Blake engages in an extensive bench-marking exercise annually with 40 of the best independent day schools in the country. This group, known as the Joint Research and Planning Office, produces a voluminous report that compares Blake’s numbers on almost anything that can be quantified (square feet of building per student, scores on the AP science exams, etc.) to the low, high, mean and median values from the other schools. Our results show us to be among the strongest, best run schools: not in every area, for we do have our challenges, but in most.

Our state championship athletic teams (37 state championship teams or individuals in 28 years), the national champion debaters, the regionally acclaimed artists (vocal musicians, instrumental musicians, visual artists and actors) and the widely-recognized leaders in service learning, cannot be calibrated in quite the same way, but must be a factor in any definition of our success.

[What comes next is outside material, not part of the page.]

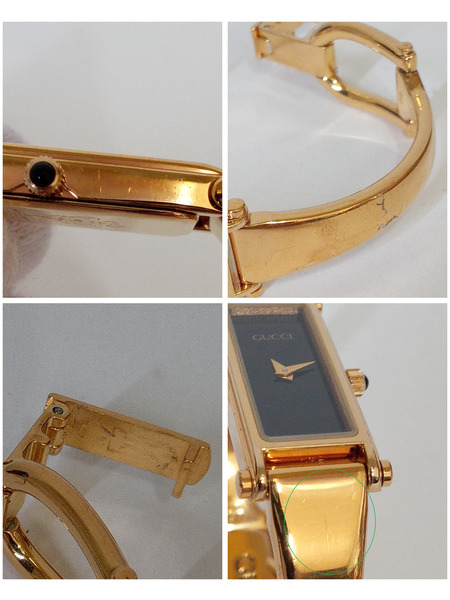 GUCCI/バングルウォッチ/1500/GP/電池交換済み レディースQZ 社外箱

This paean to Blake’s good work is inevitably incomplete for it does not capture what Blake means to the student who in attempting to deliver his eighth grade speech freezes, becomes teary but finally perseveres with the encouragement of all 300 of his Middle School classmates. It does not represent the way we provide support when life takes an unexpected turn, as it did for a senior whose physical injury this summer almost paralyzed her, but who is now back at school giving eloquent testimony to the strength she and her family drew from the love and support of this community. It does not put the tape measure to the value of the relationships &151; student with student, student with teacher, parent with parent &151; that arise out of a shared commitment to a pursuit of excellence, however defined.